I'm finding this thread interesting. I recently acquired a 7d and have become quite frustrated with some focus behaviors that appear essentially random.
I'm mostly concerned with critical focus on the eye of a subject with a narrow DOF (large aperture). I have literally thousands of these shots in my portfolio shot with a 30d (and prior Canon DSLRs) and a number of lenses (primarily 50mm, 17-50mm, 70-200mm, but others as well at times) at very large apertures, and the behavior of the 30d has always been predictable.
The eye of a typical subject will always have high contrast areas, whether it be the pupil/iris, the eyelid/sclera, the eyelashes/eyelid, etc. On the 30d, it was certainly important to know where to place the focus point (generally the center double precision point) and to accept that some small percentage of shots may have the corner of the eye in critical focus, so great care should be given to subject positioning and focus methodology.
I will generally shoot in one-shot focus, but as conditions dictate, I may shoot in AI-servo. Similar results are expected and experienced with both modes, as long as they're used judiciously.
On the 7d, I've experienced (as stated above) what appears to be essentially random focus behavior. I've used several lenses and especially in low-EV situations (EV 6 or less), I will see back focus OR front focus (without any evident pattern) by no less than 1x - 2x DOF. This means that if my DOF is only 2", the shot will be back focused or front focused by 2" - 4" -- which means that the focus target (the eye) is completely out of focus. No part of the subject which is in focus is even remotely near the active AF point that was used for the shot. No focus and recompose is being used in my testing.
I have run dozens of test shots in both AI-Servo (to try to rule out any for or aft subject or camera movement, although certainly nothing has actually changed by simply picking up a different camera body) as well as One-Shot focus mode, and I'm seeing absolutely no consistency whatsoever. I've used both manual point selection as well as spot manual point selection, and have used the high precision center point as well as peripheral cross-point AF points.
I've even gone so far as to shoot test charts and static subjects (on a tripod, of course, with MLU and a remote release), tried to MA the lens, and used other methods to try to definitively attribute the behavior to a controllable variable- but yet I'm still seeing arbitrary focus come and go. I might get a number of shots sequentially with perfect focus, and then see random front and back focus -- while the camera is on a tripod shooting a static subject in One Shot AF mode, with spot manual AF point selection, and focusing on a subject with high contrast in the focusing area. Of course, in One Shot AF mode, the camera is happily blinking active AF point and beeping to indicate that it's acquired focus.

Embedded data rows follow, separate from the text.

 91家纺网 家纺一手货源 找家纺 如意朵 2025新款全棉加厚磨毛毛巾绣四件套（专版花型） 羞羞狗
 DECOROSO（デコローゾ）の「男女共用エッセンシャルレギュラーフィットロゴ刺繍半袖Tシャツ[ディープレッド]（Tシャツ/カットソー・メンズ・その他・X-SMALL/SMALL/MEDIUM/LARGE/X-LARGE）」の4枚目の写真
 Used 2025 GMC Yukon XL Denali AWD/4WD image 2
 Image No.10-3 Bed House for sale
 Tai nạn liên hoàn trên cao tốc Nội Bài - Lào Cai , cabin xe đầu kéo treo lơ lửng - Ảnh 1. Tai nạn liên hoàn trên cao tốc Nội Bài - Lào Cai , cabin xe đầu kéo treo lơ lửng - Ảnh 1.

I'm certainly aware of the behavior, positioning, precision, and size of the AF points on Canon cameras (having owned and used more than half a dozen models since the D30, which is sitting on my desk as I type, was released in 2000) and at this point I'm confounded by the AF behavior of my 7d.
It is absolutely capable of amazingly sharp, detailed photos, has great autofocus, and is overall a stunning camera, but where the focus really matters (low DOF, wide aperture, low light), it's simply not consistent.

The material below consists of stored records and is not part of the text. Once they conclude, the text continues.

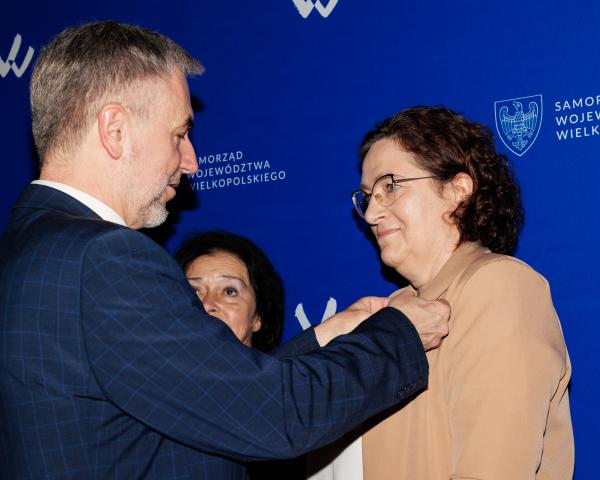 Wręczenie Odznak Honorowych Za zasługi dla województwa wielkopolskiego z okazji Dnia Samorządu Terytorialnego podczas Sesji Sejmiku Województwa Wielkopolskiego- kliknij aby powiększyć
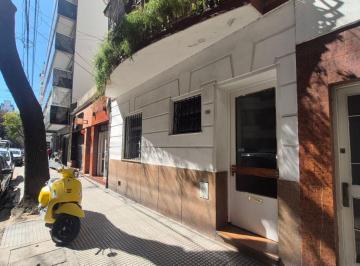 Oficina comercial de 2 ambientes, Belgrano · Departamento Apto Profesional en Planta Baja, Muy Bajas Expensas. Patio. a 3 Cuadras de Cabildo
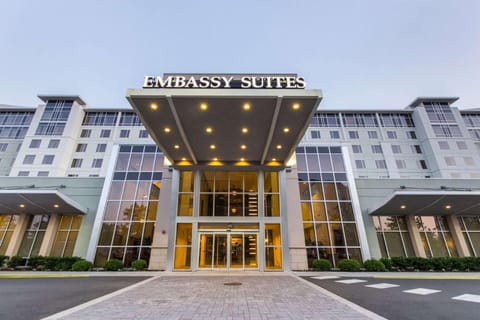 Embassy Suites by Hilton Newark Airport Hotel in Elizabeth
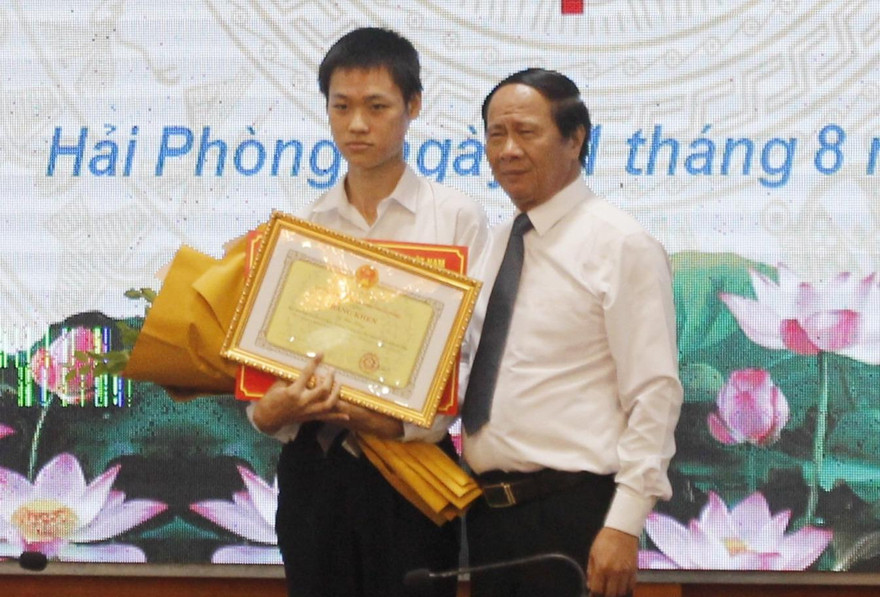 Thưởng 'nóng' 500 triệu đồng cho học sinh đạt huy chương vàng Olympic quốc tế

The more I mull over this, the more I see parallels with the 1dMk III, where the sub-mirror was actually returning to a slightly different resting position after each shot, causing a physical difference in light-path distance to the AF-sensor, and a corresponding "random" focus behavior. I know this was primarily experienced in AI-Servo mode, but I still recall people complaining about random One-Shot AF performance as well. I'm not saying that this, or anything like it is the cause of the problems that some very small number of 7d owners are experiencing, but merely noting that "random", arbitrary, or unpredictable behaviors do exist and sometimes have origins in hardware as well as software (firmware).